Your instructions ▸
Pictures do not belong in the output. Reproduce exactly the lines from the start of the records through the line with "Imagen de la".

Short descriptive text snippets
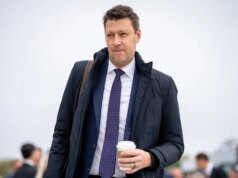 Il deputato democratico Josh Riley è stato definito “ipocrita” per i suoi legami con l’azienda energetica che critica durante la campagna elettorale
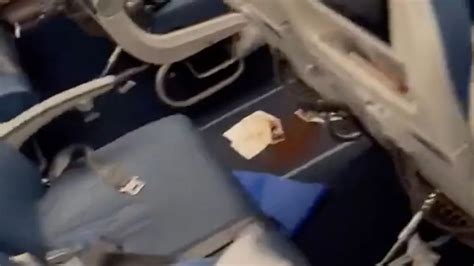 Delta Plane Needed Five Hour Clean Up After Diarrhoea Horror Left Passengers Disgusted Mirror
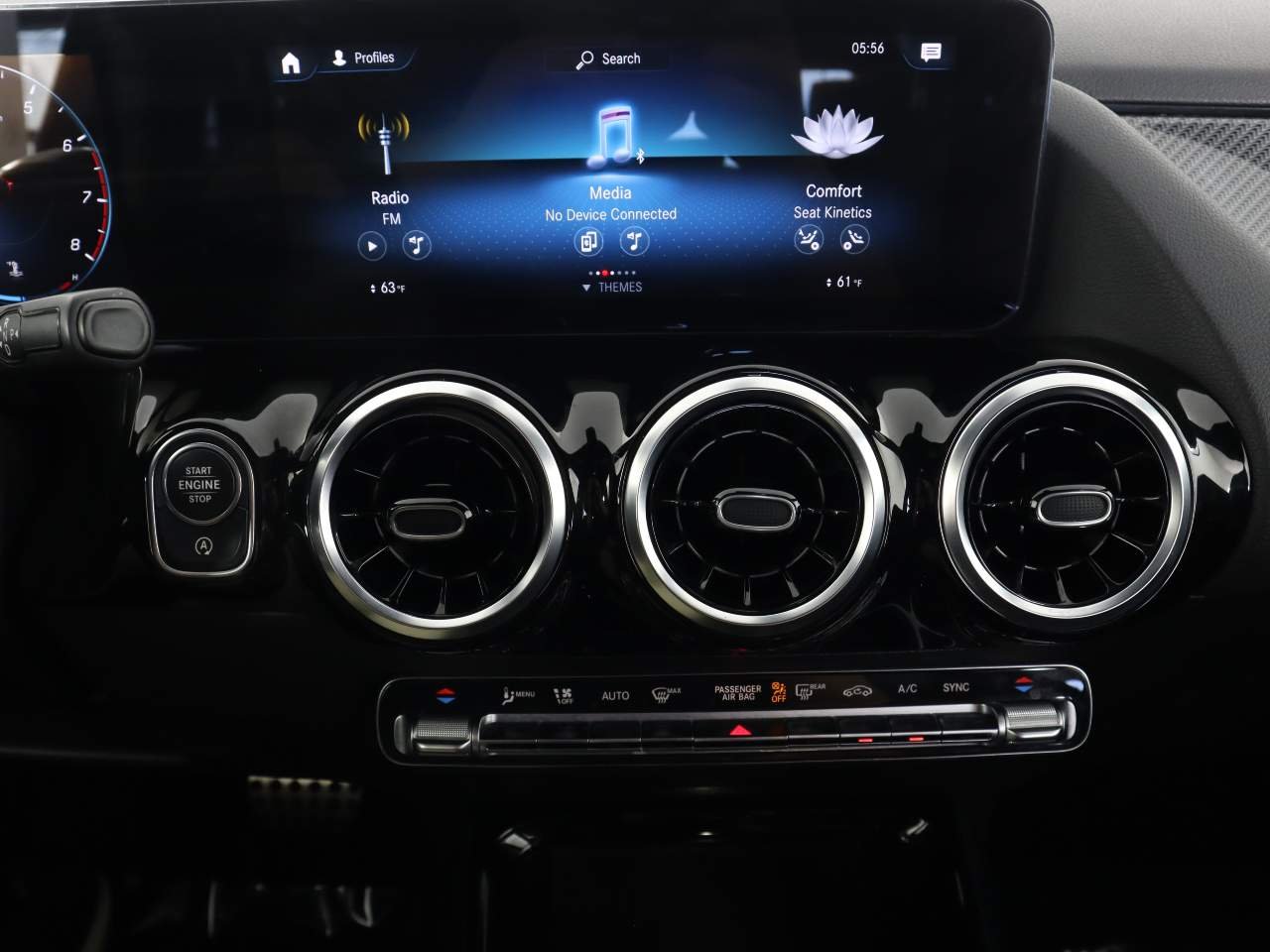 Used 2023 Night Black Mercedes-Benz GLA 250 image 12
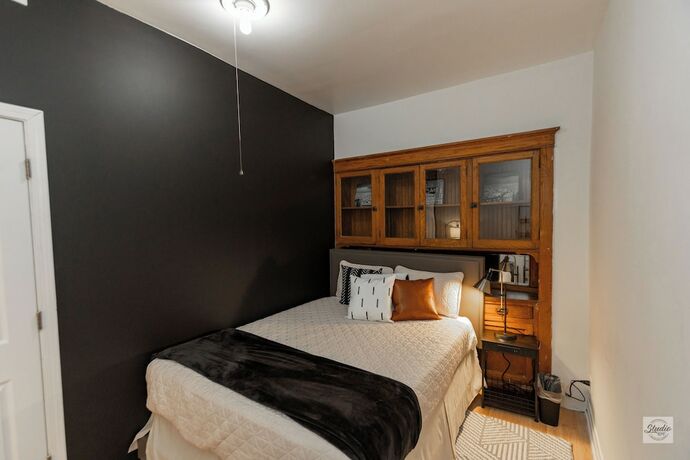 Imagen de la habitación del Hotel Studio 424. Foto 12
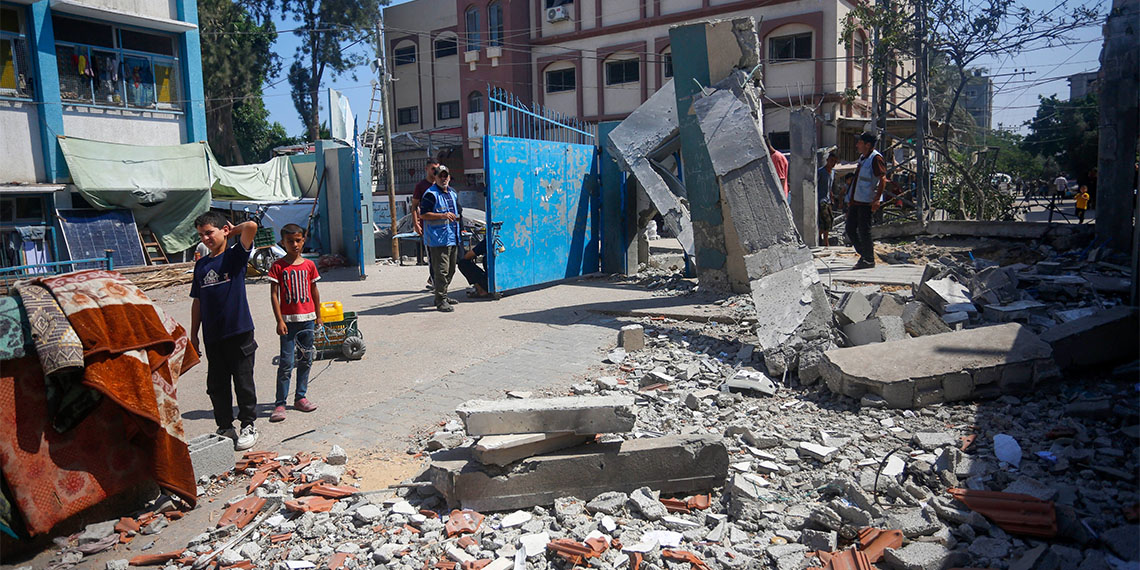 ABD Uluslararası Kalkınma Ajansı (USAID) Başkanı Samantha Power, BM yetkililerin Gazze'deki kıtlık uyarıları sonrasında acil gıda yardımını desteklemek ve bölgeye ulaştırmak için 100 milyon dolarlık ek bir yardım sağlandığını duyurdu.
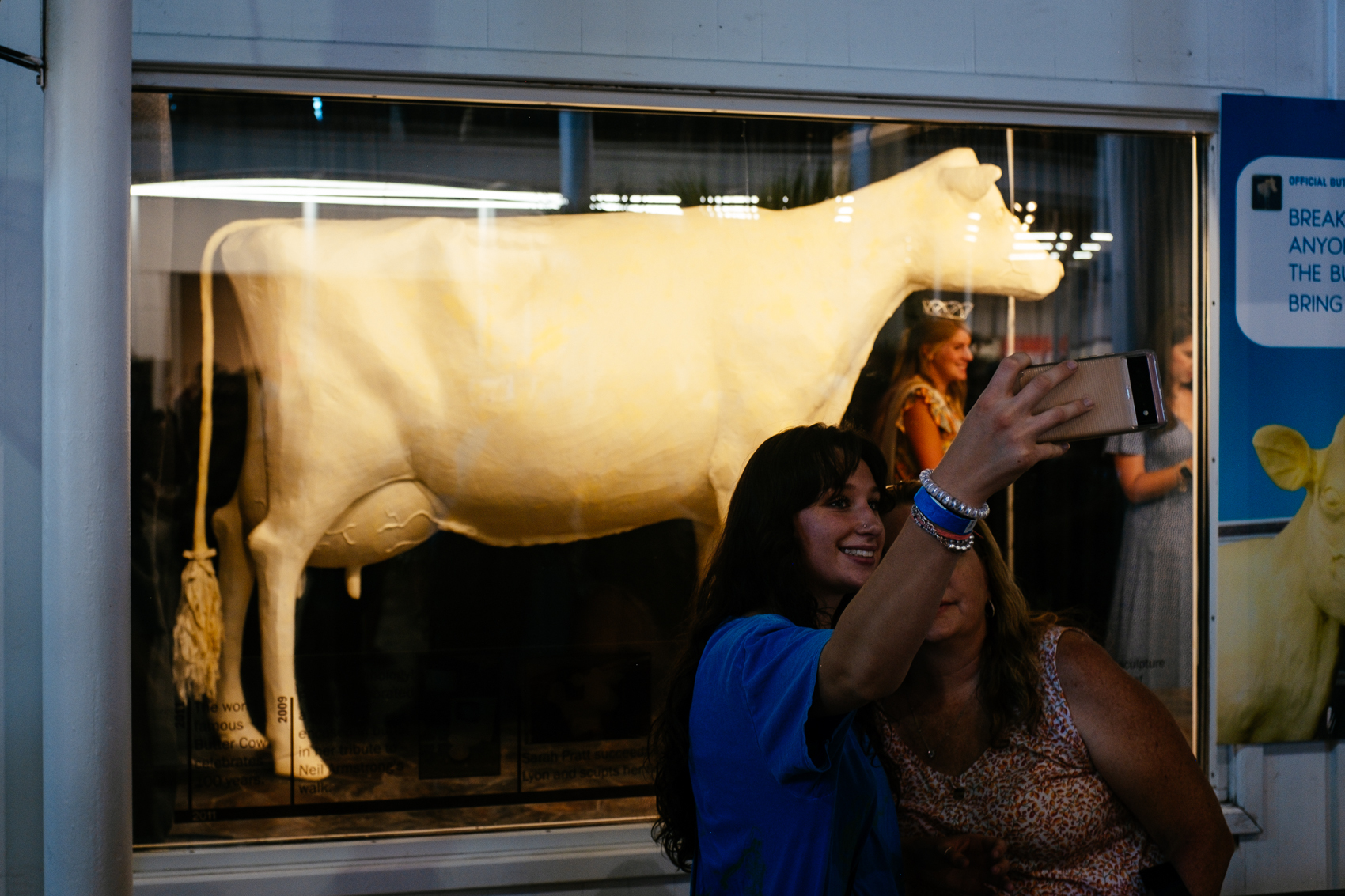 https://npr.brightspotcdn.com/3b/4f/22549fef4de78f58c190517a03f3/butter-cow-iowa-state-fair-king.jpg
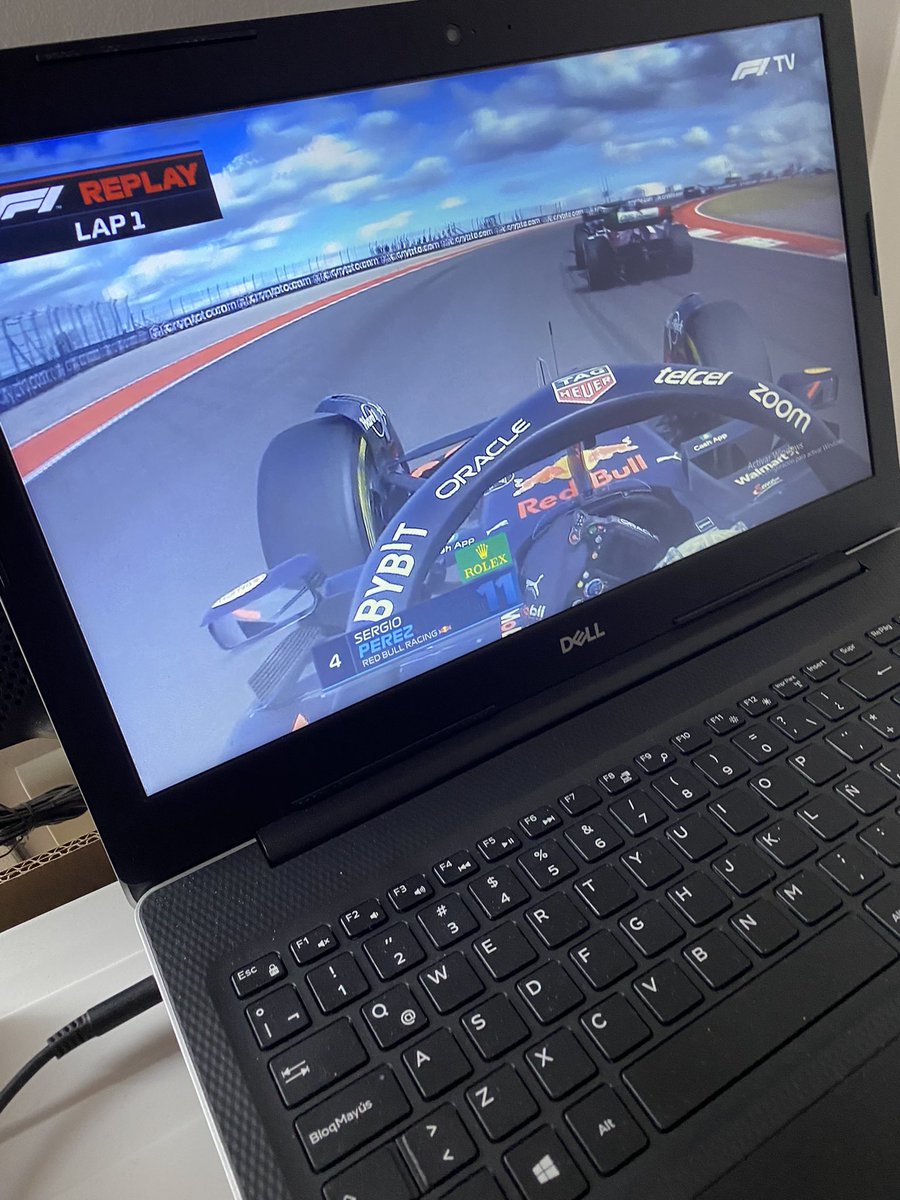 magalibringas's tweet photo. Es la décima vez que me voy a trabajar sin dormir gracias a la desubicada de mi vecina, no distingue día ni horario… así que acá le dejé la F1 espero la disfrute… en una hora arranca el lavarropas #harta https://t.co/VbuSPNz4V1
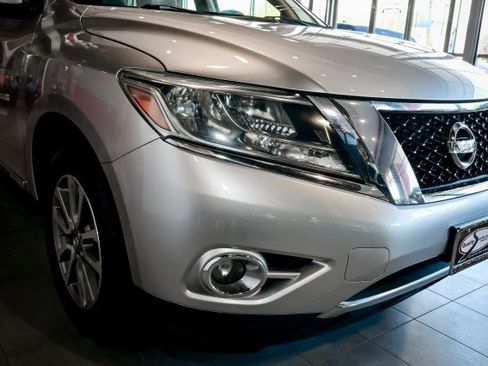 Used 2014 Nissan Pathfinder SL w/ SL Tech Package AWD/4WD image 10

Response to the task ▸
 Il deputato democratico Josh Riley è stato definito “ipocrita” per i suoi legami con l’azienda energetica che critica durante la campagna elettorale
 Delta Plane Needed Five Hour Clean Up After Diarrhoea Horror Left Passengers Disgusted Mirror
 Used 2023 Night Black Mercedes-Benz GLA 250 image 12
 Imagen de la habitación del Hotel Studio 424. Foto 12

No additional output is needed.